◆ Provided data:
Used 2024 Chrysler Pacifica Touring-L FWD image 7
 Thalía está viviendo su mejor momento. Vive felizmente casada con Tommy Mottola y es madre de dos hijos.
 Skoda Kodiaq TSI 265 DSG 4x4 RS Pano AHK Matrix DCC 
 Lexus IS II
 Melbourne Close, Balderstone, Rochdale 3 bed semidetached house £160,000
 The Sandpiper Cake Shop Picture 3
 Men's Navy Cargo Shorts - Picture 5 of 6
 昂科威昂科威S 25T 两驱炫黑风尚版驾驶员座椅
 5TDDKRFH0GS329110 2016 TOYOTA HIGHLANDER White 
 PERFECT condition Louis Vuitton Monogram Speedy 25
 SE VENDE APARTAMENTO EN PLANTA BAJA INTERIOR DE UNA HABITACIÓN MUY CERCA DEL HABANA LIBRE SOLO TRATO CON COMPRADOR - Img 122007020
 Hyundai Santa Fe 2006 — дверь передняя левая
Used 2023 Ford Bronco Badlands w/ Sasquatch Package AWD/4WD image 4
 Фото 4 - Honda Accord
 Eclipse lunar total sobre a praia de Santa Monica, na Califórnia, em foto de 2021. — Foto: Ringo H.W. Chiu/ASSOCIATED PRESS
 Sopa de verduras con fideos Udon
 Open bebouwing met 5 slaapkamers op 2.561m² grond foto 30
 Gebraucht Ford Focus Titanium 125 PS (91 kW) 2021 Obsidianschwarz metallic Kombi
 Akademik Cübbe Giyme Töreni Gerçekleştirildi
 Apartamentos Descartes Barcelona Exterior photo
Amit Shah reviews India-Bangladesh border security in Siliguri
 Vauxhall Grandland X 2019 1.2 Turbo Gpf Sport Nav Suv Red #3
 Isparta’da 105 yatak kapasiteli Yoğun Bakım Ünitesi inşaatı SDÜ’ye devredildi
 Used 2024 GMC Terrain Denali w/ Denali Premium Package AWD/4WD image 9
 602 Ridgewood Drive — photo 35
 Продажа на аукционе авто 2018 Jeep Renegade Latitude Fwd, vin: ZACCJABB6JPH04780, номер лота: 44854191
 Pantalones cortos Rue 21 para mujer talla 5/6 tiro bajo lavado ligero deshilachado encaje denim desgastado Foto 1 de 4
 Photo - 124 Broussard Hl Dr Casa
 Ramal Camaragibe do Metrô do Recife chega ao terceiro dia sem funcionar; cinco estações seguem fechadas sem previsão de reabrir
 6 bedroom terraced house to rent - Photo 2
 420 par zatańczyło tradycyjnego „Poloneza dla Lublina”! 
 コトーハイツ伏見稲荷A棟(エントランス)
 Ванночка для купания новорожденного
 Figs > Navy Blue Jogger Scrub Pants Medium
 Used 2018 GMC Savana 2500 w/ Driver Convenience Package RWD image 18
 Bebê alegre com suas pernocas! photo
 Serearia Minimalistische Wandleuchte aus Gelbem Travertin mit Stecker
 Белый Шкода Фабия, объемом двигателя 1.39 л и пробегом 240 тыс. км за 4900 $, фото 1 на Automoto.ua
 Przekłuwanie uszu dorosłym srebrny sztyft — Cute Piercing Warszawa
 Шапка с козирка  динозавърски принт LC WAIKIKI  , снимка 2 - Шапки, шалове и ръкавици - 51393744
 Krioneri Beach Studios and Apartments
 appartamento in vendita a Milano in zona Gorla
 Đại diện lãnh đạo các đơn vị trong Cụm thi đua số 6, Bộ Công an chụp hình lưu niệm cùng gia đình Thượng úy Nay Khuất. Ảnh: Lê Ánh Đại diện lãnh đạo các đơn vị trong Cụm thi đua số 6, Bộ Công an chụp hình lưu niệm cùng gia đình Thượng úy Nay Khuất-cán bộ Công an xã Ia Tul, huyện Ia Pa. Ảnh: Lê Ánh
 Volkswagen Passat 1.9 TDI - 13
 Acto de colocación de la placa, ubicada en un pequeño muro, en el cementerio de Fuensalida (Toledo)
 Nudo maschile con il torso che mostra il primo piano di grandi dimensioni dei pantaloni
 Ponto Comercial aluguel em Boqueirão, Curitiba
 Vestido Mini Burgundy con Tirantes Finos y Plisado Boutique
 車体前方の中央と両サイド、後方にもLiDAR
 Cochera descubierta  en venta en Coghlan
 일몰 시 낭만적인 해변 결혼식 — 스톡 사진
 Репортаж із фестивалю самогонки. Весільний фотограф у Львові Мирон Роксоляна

◆ Exercise directions:
Lines holding the word "Santa" are the answer; copy each one from the records above.

◆ Response to this task:
 Hyundai Santa Fe 2006 — дверь передняя левая
 Eclipse lunar total sobre a praia de Santa Monica, na Califórnia, em foto de 2021. — Foto: Ringo H.W. Chiu/ASSOCIATED PRESS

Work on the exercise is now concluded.